The electromagnetically actuated coupling according to the invention and its embodiments are suitable due to their low output moment of inertia, their compact design and their low manufacturing costs for the optional coupling or decoupling of a drive motor and a drilling or percussion drilling tool in a hand-held drilling or percussion drilling machine.

The invention is explained in more detail with reference to the accompanying drawing.

In the single figure, 2 denotes a rotor element arranged on a rotor shaft 4. The rotor shaft 4 is rotatably supported by means of bearings, not shown. A fixed magnetic body 6 is provided with a magnetic coil 8, which is arranged between an inner lateral surface 10 and an outer lateral surface 12 of the magnetic body. The magnetic body 6 is arranged fixed in the housing 14 of the clutch, so that the power supply to the magnetic coil 8 takes place without a slip ring.
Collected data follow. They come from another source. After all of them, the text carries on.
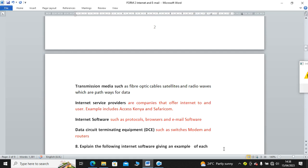Then you need to have transmission media such as fiber optic, wireless media such as satellites and radio waves, which are pathways for data transmission. Then you have internet service providers. These are guys who sell us or supply internet, just like electricity is supplied by KPLC. Internet is supplied by internet service providers. We have Safaricom, Access Kenya, JumboNet, Faiba, such. Then we have internet software. These are actually the protocols. We have protocols, browsers, and also email software, something like Gmail. We have Hotmail, MSN, Yahoo, such. Those are email software.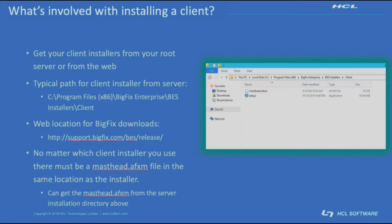You can commonly get the installer from your server if you use the installation generator installer to do your BigFix server setup. Or if not, you could always go download it from the link presented here and then use your masthead.afxm file from your server to perform the install.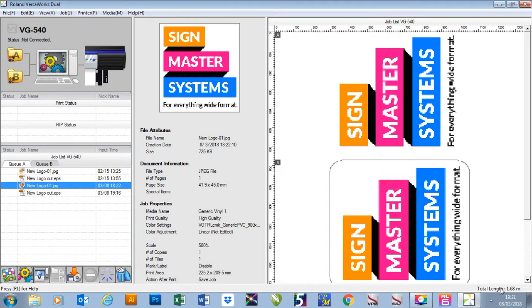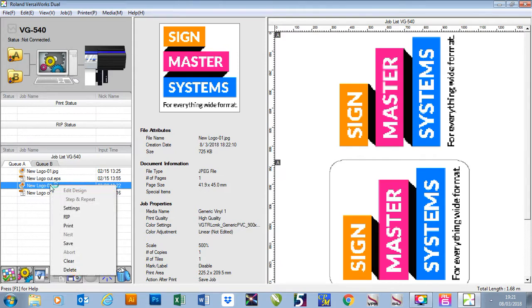In this video I'm going to show you how to clip an image or crop an image down. To do this I'm going to right click on my job and go to setting.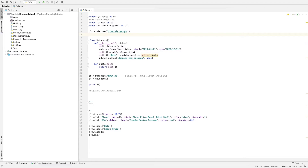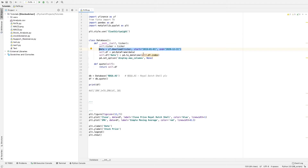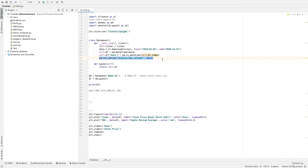The first thing we're going to do is create a database. This has been explained in earlier videos, also linked below. So a class called database with a ticker in it, and the download from Yahoo Finance, with a start date of January 1st, 2019 and end date of December 31st, 2020. We make the date the index and set the maximum columns to display so you can see all columns in the data frame. The second definition is the quote, which returns the data frame itself.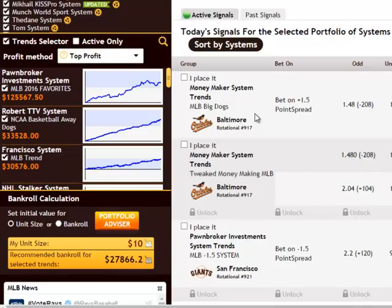This system works great for hundreds of successful Zcode members, and I'm sure it will help you as well to grow your bankroll and become a successful sports investor with us too.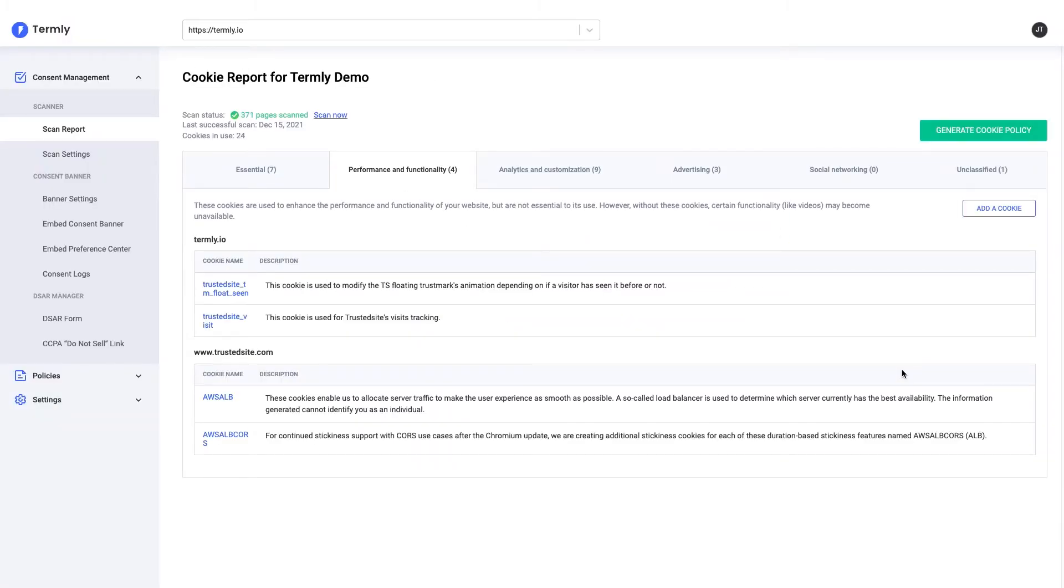Once a scan has been completed on your site, Termly will produce a scan report which lists all the cookies and other tracking mechanisms that were discovered when it crawled through the pages across your website and its subdomains.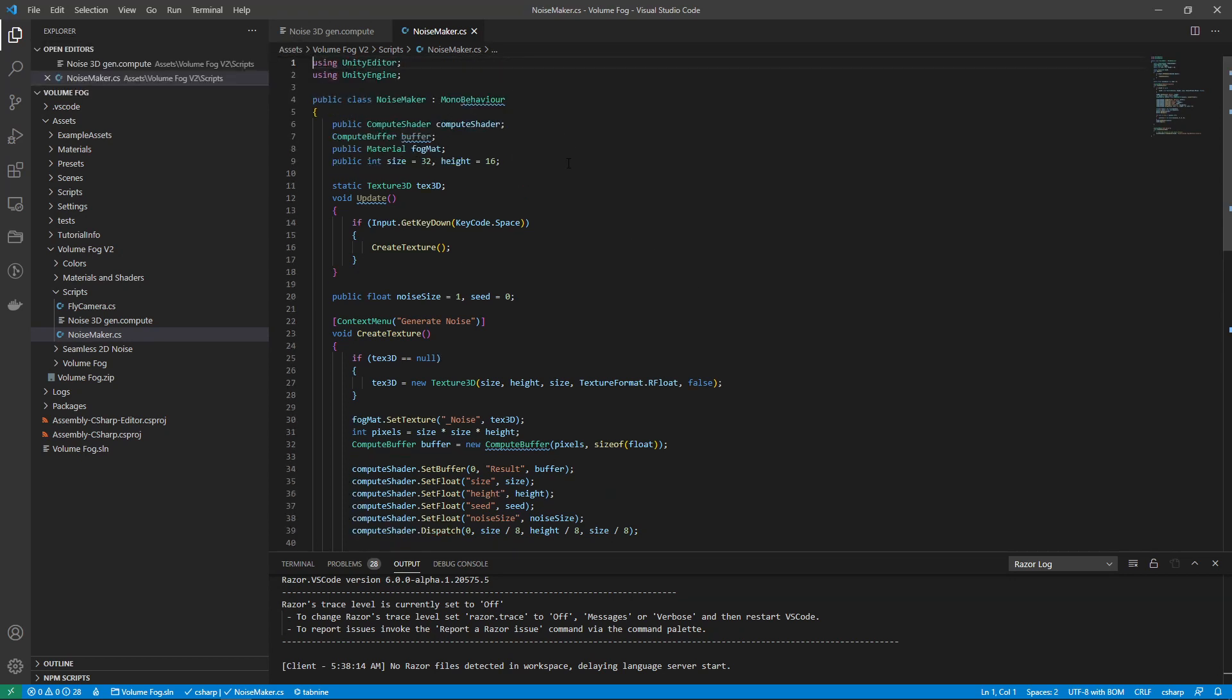The noise maker now uses a compute shader to create the volume noise, which means that previously it used to take like six seconds to generate one volume or 3D texture. Now it takes like a split of a second to create it. And now it's simple and small, so all the noise creation is in the compute shader now.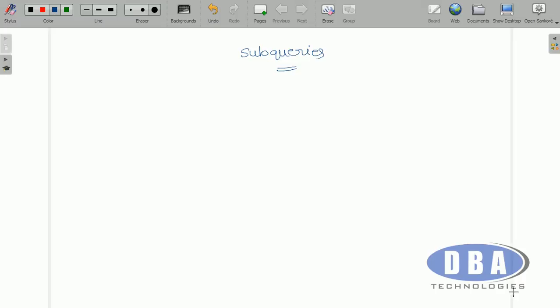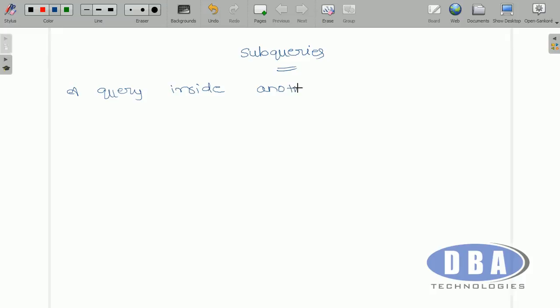This is Anurag. Today in this tutorial we are going to discuss about sub queries. A query inside another query is called a sub query.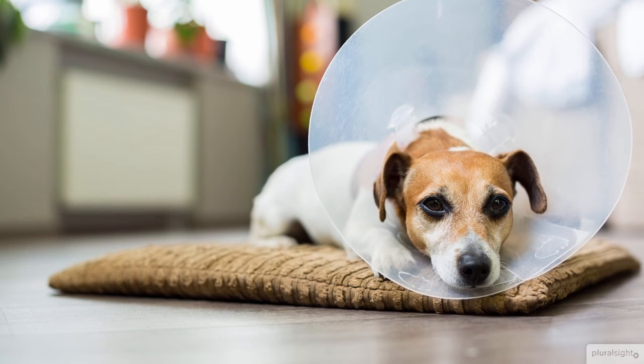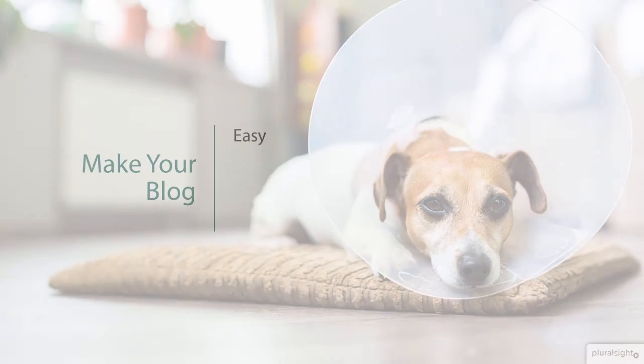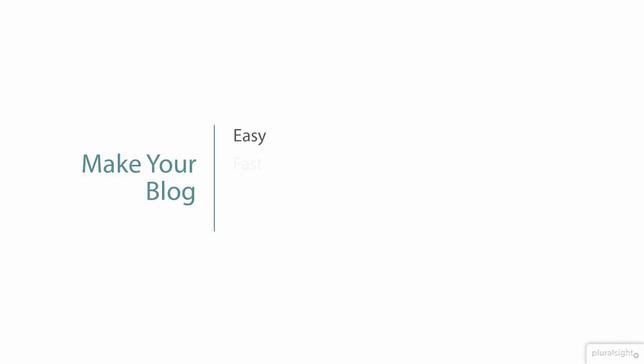I'm Jeff Ammons and in this course I'm going to show you exactly how to set up and run a blog that will be easy to maintain, fast at delivering content, nearly infinitely scalable, and much more secure than most blogs.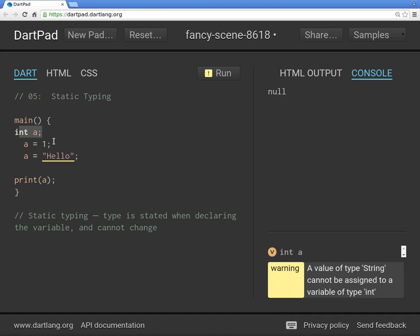Reason number two: if you use Dart as your first language and want to use other languages in the future, some languages are statically typed and very strict — no dynamic typing at all. In my opinion, it's easier to go from static typing to dynamic typing than the other way around.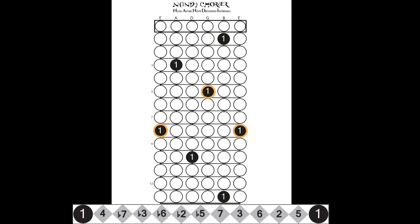This is how the seven-three pairs below the two roots appear in the G shape. Now, let's take a look at your fifths to the left of the two roots. And finally, a look at the entire G shape.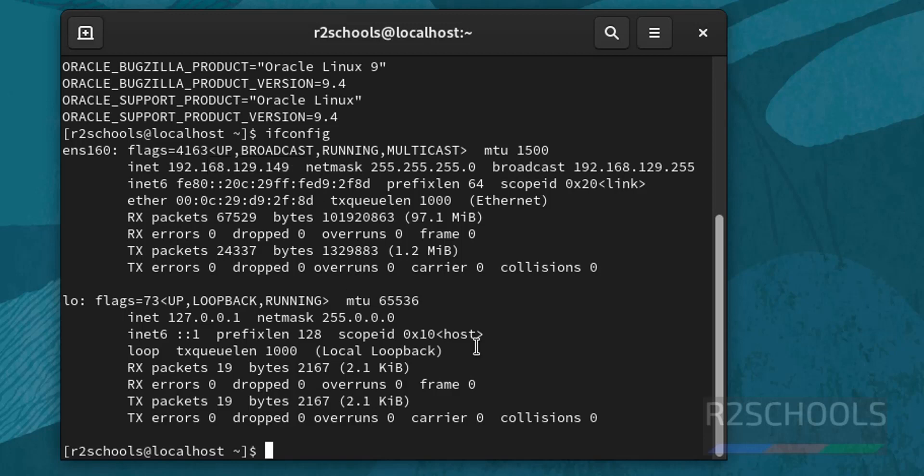So, in this video we have seen how to download and install Oracle Linux 9.4 on VMware Workstation. For more Oracle Linux or Linux videos, please subscribe my channel. Thank you.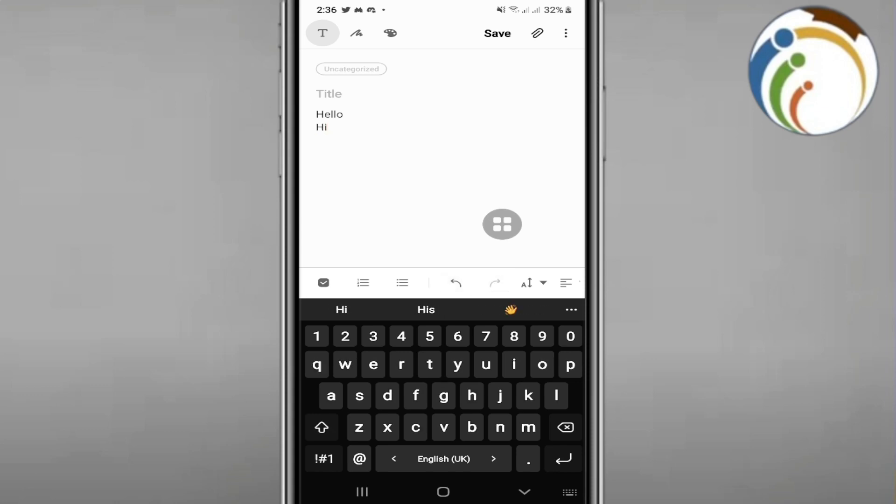And that is how to redo and undo changes on Samsung Notes. I hope you guys understood this video and good luck.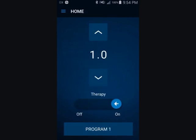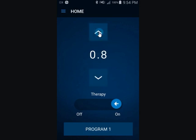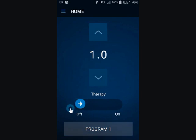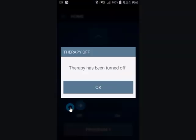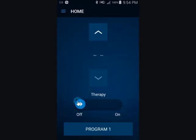Notice that the therapy screen appears. From here you can use the up and down arrows to change the stimulation level. Slide the arrow to turn stimulation off. If therapy is turned off, a Therapy Off notification appears. Tap OK. Slide the arrow to turn stimulation back on.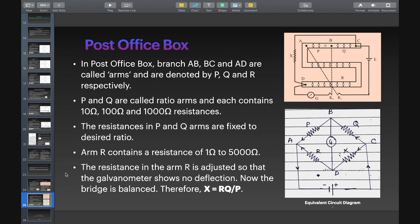The next application of Wheatstone's bridge is the Post Office box.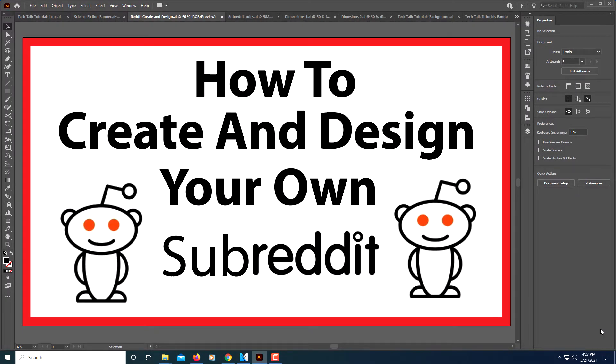This is going to be a video tutorial on how to create and design your own subreddit. It's pretty simple to do. It's just a matter of knowing how to do it.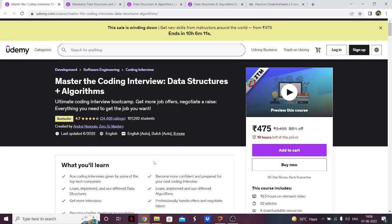Usually when people go into DSA they prefer either C++ or Java, and I also suggest taking either C++ or Java. But if you already know JavaScript, or if you're a web developer or a professional web developer looking for a job switch, then this is a great course for you. The content and the way of teaching are great — just be aware that it's in JavaScript. Apart from that, the course is pretty much top-notch.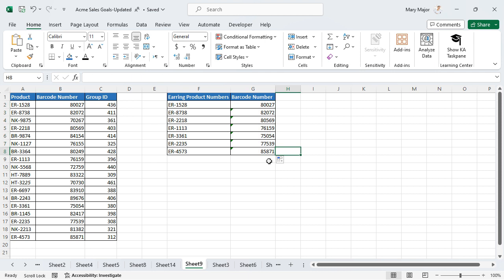You can continue to save time retrieving important data by using the index match function to satisfy all of your information needs.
In the inner casing 10 of the magnetic body 6, a ball bearing 16 is NEN retaining ring 18 is held, which sits on a drive-side armature shaft 20. A flange 22 sits on the armature shaft 20 in a rotationally fixed manner, to which an axially resilient but torsionally rigid spring element 26 is fastened by means of fastening screws 24. A possible embodiment of the spring element is described in the aforementioned DE 199 51 630. It is stated that the content of this earlier application is included in the disclosure content of the present application.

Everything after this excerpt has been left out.